**Task goal**
Take the line containing "2022 Donruss - Holo" and every line after it to the end of the data, and write them out exactly as they appear.

------------

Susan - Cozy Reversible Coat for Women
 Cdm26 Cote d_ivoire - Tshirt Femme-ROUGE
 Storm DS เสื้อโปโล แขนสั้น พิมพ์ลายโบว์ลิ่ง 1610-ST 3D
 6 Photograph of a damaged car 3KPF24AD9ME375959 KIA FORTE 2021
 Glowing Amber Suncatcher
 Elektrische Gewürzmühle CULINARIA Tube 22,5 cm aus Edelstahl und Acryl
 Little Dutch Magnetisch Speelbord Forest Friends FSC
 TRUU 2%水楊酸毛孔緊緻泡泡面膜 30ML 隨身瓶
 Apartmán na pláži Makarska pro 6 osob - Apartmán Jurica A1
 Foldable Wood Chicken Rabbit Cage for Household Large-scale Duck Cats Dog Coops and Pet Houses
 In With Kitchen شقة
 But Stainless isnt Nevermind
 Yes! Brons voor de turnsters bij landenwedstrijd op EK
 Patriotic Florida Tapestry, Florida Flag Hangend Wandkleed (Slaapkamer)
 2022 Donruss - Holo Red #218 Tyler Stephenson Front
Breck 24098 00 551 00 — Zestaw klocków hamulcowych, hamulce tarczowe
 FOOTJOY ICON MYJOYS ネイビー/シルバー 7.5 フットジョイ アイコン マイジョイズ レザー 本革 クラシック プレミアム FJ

------------

**Output**
 2022 Donruss - Holo Red #218 Tyler Stephenson Front
Breck 24098 00 551 00 — Zestaw klocków hamulcowych, hamulce tarczowe
 FOOTJOY ICON MYJOYS ネイビー/シルバー 7.5 フットジョイ アイコン マイジョイズ レザー 本革 クラシック プレミアム FJ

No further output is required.